Which is odd because the BelTel has no hard and fast rule about what to call the Maiden City. In fact, it seems its journalists and subs are free to call the place whatever they want. McClean, of course, would much prefer “Derry-born”, as would the vast majority of people in the city, but Londonderry it was.
Elsewhere in the same piece, McClean was variously said to have ‘flaunted’ or ‘flouted’ the EPL rule on substitutions, neither of which he did. The BelTel finally settled after three tries on ‘bypassed’.
Wrong again: Dictionary misplaced as well as atlas.
Mind your language
THE picture of the guy who got his ging-gangs knocked in by Fine Gael Louth election candidate John McGahon does not make for easy viewing. But for John’s boss, party leader Simon Harris, it must be like viewing a horror movie.
Harris’s endorsement of McGahon has dominated the election agenda thanks to the insertion of said picture into the fray last week – a canny move by Fine Gael’s opponents who rightly calculated that the old journalistic adage ‘If it bleeds it leads’ would trump the natural inclination of the southern media to go easy on the civil war parties during an election cycle in order to keep the Sinn Féin hordes at the gate.
Sinn Féin’s been having a very good election, despite – or perhaps even because of – the savage hammering it took on both sides of the border over a series of party difficulties/scandals (take your pick) that dominated the news for the better part of a month. Doubtless plans are afoot to bring Mary Lou McDonald’s impressive run to an end as we speak.
But as Fine Gael filled their boots with thundering daily denunciations of Sinn Féin’s inner-workings and the catastrophic failings of the party’s human resources department, no-one stopped to consider the possible – perhaps even likely – event of the Blueshirts experiencing a bit of local trouble. Hence Harris and co are being hoist by their own petard, and hoist even higher after a new difficulty/ scandal emerged about, altogether now, inappropriate messages.
Stones never landed so loudly on glass.
A hasty retreat well under way
THE full-blown retreat from the journalistic obscenity that was the reporting of the ‘Amsterdam pogrom’ continues, with most of the guilty outlets having held up their hands and admitted their failings.
Most have done so reluctantly and bitterly.
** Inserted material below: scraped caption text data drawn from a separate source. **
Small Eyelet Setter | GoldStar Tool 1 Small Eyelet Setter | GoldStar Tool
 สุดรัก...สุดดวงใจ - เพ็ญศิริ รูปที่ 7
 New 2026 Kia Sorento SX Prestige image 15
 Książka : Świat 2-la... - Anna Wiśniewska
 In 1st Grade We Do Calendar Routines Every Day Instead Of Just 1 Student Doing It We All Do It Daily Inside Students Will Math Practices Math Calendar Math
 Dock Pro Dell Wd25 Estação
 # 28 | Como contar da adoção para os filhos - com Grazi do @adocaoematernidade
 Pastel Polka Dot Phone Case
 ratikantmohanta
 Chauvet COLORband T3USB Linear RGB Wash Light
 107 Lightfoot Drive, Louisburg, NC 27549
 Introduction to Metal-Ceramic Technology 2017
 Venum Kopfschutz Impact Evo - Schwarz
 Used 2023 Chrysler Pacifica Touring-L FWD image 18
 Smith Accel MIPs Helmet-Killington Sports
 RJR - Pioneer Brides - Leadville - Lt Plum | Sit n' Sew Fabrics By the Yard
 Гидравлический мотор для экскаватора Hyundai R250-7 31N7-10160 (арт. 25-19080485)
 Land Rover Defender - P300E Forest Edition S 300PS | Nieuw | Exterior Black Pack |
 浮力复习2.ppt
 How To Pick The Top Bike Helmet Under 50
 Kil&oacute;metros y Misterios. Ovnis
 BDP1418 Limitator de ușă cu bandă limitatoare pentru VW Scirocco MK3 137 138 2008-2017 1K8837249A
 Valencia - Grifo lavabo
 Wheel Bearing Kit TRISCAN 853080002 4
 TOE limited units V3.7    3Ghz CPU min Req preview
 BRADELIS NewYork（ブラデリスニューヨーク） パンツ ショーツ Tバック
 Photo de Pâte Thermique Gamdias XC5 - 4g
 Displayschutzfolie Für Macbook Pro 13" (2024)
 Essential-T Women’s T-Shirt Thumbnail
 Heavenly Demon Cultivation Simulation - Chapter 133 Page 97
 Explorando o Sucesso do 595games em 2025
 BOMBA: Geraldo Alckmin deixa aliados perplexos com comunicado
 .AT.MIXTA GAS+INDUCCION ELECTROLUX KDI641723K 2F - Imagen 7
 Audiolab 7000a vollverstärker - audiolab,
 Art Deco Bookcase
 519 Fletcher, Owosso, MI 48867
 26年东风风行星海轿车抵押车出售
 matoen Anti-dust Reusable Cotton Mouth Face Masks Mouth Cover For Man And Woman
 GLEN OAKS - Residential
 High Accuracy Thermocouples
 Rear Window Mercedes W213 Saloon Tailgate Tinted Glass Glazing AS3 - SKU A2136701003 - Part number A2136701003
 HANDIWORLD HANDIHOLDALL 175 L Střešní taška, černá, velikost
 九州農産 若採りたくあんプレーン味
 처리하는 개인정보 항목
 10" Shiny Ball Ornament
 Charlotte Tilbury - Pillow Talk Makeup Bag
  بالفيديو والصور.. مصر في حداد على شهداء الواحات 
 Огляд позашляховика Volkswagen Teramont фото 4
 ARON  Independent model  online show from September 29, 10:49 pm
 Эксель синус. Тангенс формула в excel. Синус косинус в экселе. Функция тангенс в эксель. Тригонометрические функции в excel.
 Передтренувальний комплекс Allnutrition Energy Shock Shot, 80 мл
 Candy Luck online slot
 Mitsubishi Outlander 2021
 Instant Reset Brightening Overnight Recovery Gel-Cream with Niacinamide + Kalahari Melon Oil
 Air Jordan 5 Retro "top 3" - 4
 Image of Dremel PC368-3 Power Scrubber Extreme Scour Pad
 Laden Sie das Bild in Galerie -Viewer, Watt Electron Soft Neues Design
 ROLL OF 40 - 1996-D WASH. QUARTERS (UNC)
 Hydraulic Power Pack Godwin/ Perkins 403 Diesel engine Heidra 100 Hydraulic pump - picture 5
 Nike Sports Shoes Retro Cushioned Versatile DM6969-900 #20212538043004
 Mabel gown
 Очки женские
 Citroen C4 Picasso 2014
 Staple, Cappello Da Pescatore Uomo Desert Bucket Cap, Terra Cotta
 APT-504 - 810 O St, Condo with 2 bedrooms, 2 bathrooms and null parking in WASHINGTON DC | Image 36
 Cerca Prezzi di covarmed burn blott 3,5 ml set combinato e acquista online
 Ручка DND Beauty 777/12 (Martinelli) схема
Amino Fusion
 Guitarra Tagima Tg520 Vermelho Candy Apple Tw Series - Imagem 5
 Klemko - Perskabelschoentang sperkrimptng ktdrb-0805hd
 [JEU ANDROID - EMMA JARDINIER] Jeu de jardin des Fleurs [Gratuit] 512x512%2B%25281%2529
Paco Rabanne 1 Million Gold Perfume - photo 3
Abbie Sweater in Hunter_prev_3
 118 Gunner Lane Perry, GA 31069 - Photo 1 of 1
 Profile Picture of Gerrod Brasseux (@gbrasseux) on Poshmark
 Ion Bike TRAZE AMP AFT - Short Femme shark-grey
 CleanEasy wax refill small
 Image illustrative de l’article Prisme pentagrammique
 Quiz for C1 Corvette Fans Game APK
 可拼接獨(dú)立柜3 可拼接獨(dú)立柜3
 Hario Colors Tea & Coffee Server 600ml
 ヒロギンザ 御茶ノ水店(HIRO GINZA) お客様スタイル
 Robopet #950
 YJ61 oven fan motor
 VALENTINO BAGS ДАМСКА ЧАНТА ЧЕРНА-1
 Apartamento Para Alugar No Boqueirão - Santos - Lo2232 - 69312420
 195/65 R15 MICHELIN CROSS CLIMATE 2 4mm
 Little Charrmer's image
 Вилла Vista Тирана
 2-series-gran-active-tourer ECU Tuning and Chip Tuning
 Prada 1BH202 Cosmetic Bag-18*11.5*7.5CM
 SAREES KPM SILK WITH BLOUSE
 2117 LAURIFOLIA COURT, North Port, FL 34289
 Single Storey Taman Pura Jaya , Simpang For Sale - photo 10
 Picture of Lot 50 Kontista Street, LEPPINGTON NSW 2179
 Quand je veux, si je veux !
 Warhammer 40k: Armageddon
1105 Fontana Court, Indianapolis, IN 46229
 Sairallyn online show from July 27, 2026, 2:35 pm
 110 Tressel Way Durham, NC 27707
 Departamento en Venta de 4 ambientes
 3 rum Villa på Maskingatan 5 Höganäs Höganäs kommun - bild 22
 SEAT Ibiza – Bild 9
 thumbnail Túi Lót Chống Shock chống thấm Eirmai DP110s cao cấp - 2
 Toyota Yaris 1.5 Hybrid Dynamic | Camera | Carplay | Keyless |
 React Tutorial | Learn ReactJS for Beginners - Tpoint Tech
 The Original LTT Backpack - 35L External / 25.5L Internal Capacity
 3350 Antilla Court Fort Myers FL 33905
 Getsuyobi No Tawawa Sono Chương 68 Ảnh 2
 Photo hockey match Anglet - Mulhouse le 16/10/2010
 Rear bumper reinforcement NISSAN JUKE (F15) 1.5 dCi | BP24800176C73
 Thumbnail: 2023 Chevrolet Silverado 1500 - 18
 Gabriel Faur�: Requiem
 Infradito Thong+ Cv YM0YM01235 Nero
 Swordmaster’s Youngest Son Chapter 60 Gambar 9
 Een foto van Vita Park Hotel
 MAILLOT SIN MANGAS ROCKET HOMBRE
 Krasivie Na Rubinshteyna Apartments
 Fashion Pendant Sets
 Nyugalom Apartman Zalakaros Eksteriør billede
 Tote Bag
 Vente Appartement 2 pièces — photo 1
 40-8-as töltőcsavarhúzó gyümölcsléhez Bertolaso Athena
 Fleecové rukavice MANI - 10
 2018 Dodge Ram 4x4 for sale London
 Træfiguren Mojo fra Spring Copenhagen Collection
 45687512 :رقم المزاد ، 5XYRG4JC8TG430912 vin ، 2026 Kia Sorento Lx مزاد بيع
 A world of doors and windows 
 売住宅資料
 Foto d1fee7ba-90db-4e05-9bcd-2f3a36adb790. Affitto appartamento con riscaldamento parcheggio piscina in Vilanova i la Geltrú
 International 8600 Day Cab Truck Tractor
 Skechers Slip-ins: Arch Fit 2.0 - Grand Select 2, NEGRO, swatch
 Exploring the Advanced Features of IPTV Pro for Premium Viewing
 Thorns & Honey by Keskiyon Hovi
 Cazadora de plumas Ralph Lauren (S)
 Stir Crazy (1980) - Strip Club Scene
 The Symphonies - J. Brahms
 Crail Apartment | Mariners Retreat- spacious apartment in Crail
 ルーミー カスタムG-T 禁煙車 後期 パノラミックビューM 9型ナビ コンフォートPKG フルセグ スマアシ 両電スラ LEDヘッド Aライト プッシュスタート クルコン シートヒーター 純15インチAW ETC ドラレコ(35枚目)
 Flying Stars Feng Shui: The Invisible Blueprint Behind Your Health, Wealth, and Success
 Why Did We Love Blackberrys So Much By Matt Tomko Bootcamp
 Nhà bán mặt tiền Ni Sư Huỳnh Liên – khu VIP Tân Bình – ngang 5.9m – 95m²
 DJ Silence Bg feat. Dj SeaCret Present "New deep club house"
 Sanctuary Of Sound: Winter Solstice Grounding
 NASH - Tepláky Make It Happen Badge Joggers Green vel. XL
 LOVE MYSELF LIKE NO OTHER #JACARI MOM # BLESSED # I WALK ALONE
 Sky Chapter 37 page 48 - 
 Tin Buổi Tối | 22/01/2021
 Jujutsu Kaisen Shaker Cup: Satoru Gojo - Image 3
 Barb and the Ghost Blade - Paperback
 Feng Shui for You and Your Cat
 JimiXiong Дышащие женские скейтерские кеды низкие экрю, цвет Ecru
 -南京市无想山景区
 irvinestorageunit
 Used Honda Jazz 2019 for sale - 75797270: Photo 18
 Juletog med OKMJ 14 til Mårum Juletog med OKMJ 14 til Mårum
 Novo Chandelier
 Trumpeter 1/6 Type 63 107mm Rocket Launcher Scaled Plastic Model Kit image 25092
The New York Times, for instance, withdrew footage it claimed was of antisemites attacking Jewish Maccabi fans rather than admit the truth – that the footage was Maccabi fans attacking Amsterdammers.
Closer to home, Sky has acknowledged its part in the mess not via apology or explanation but via its reporting. In the days since it withdrew an accurate report on the violence, it has covered the genocide in Gaza in a number of stories that have been unprecedented in their accuracy and robustness.
But the single biggest casualty was not a journalist or a media outlet, it was the Mayor of Amsterdam, Femke Halsema, who this week apologised for calling the non-existent pogrom a pogrom, and for failing to stand up for Dutch citizens battered by Israeli thugs. She was, she said, “under immense international pressure”.
Throwing your own people under the bus at the behest of Israel. Good luck in the next election, Femke.